The basic Trump worldview will shape the GOP for decades, the way the Reagan worldview did for decades. A thousand smarter conservatives will be building a new party after 2020, but one that builds from the framework Trump established. Trumpism will survive Trump because the history of the modern Republican Party is the history of paradigm shifts.
If you came of age with conservative values and around Republican politics in the 1980s and 1990s, you lived within a Ronald Reagan-Margaret Thatcher paradigm. It was about limiting government, spreading democracy abroad, building dynamic free markets at home and cultivating people who are energetic, upright, entrepreneurial, independent-minded, loyal to friends and strong against foes.
For decades conservatives were happy to live in that paradigm. But as years went by many came to see its limits.

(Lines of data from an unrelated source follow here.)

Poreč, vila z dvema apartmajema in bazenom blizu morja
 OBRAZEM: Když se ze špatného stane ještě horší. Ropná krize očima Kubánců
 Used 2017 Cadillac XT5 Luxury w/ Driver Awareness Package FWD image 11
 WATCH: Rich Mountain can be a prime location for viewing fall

It was so anti-government that it had no way to use government to solve common problems. It was so focused on cultivating strong individuals that it had no language to cultivate a sense of community and belonging. So, if you were right of centre, you leapt. You broke from the Reagan paradigm and tried to create a new conservative paradigm.
My own leap came early. On September 15, 1997, William Kristol and I wrote a piece for The Wall Street Journal on what we called National Greatness Conservatism. We argued that the GOP had become too anti-government. "How can Americans love their nation if they hate its government?" we asked. Only a return to the robust American nationalism of Alexander Hamilton, Henry Clay and Theodore Roosevelt would do: ambitious national projects, infrastructure, federal programs to increase social mobility.
The closest National Greatness Conservatism came to influencing the party was John McCain's 2000 presidential bid. He was defeated by George W. Bush, who made his own leap to Compassionate Conservatism. This was an attempt to meld Catholic social teaching to conservatism.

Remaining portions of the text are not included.